October 2nd, 2006 at 11:04 am
Hot dog. That’s awesome. That darn thing has bugged me since I was old enough to know about it. Editor in me, I guess. :)
October 2nd, 2006 at 4:11 pm
OT…Did you change the color scheme for xrlq.com?
Today it is nearly impossible to read with Mozilla 1.7.13, black text on dark grey.
October 2nd, 2006 at 4:34 pm
Not deliberately. It still looks the same using IE. Not sure what happened with Firefox, but will look into it when I get a chance.
October 2nd, 2006 at 5:40 pm
Actually, in my IE, the colors are fine but the sidebar is down at the bottom. First guess is it’s something in this post that’s doing the badness–other individual posts are fine in Firefox.
October 5th, 2006 at 9:57 am
As I explain over at my blog, there is nothing wrong with “one small step for man…” What’s more the revised version sounds awful, no rythym, no style.
October 5th, 2006 at 10:27 am
There’s plenty wrong with “one small step for man.” The whole point of the line – and the reason Armstrong thought he’d flubbed it rather than saying “oh no, I meant to say that” – was that it was one small step for him personally, not one small step for any definition of “man” that doesn’t take the definite article.
Rhythm, schmythm. Taking liberties with the grammar is fine when writing poetry, but when it comes to prose I’ll take sense over nonsense any day of the week.
October 5th, 2006 at 11:24 am
It aen’t wrong. Trust me. The backlash is about to begin.
October 5th, 2006 at 12:27 pm
Sure it’s wrong. The definition you provide is not only synonymous with mankind, it even lists “mankind” as part of the definition. You do understand what the words “abstract” and “generic” mean, don’t you?
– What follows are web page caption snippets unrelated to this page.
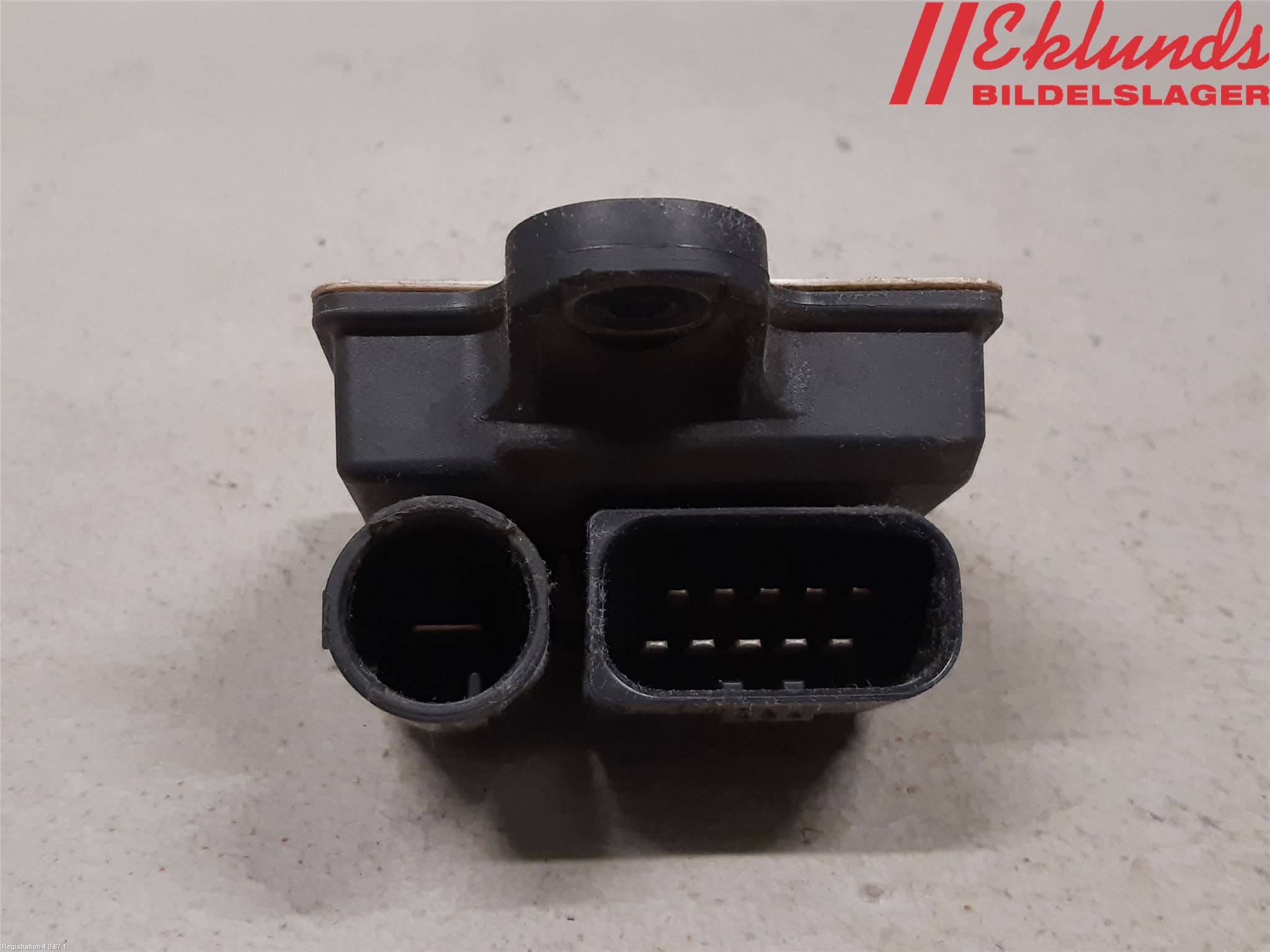 Mercedes-Benz MB C-KLASS (W205) 14-21 Relä Glödning Diesel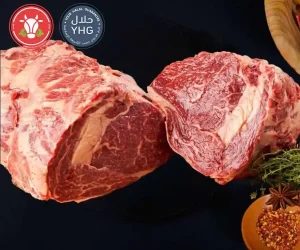 Halal Rib Eye Steak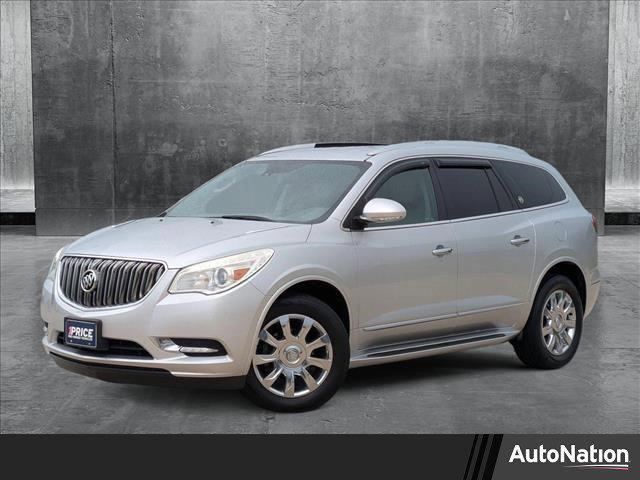 used 2016 Buick Enclave car, priced at $11,614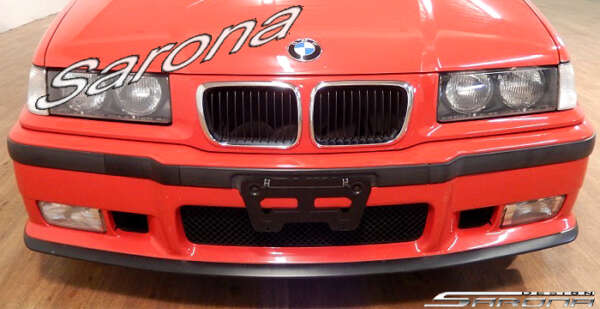 1992-1998 BMW 3 Series Front Bumper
The issue is simple. Neil Armstrong is a man. He is not “man” – except maybe in the irrelevant sense that he is not “or machine.”
October 5th, 2006 at 9:59 pm
I Dont think we should make it at issue. He may have thought otherwise, for the whole mankind i mean. But it’s better to ask him first, then judge his words.
June 13th, 2008 at 5:23 am
what one little step for man,is a giant leap for a mankind means?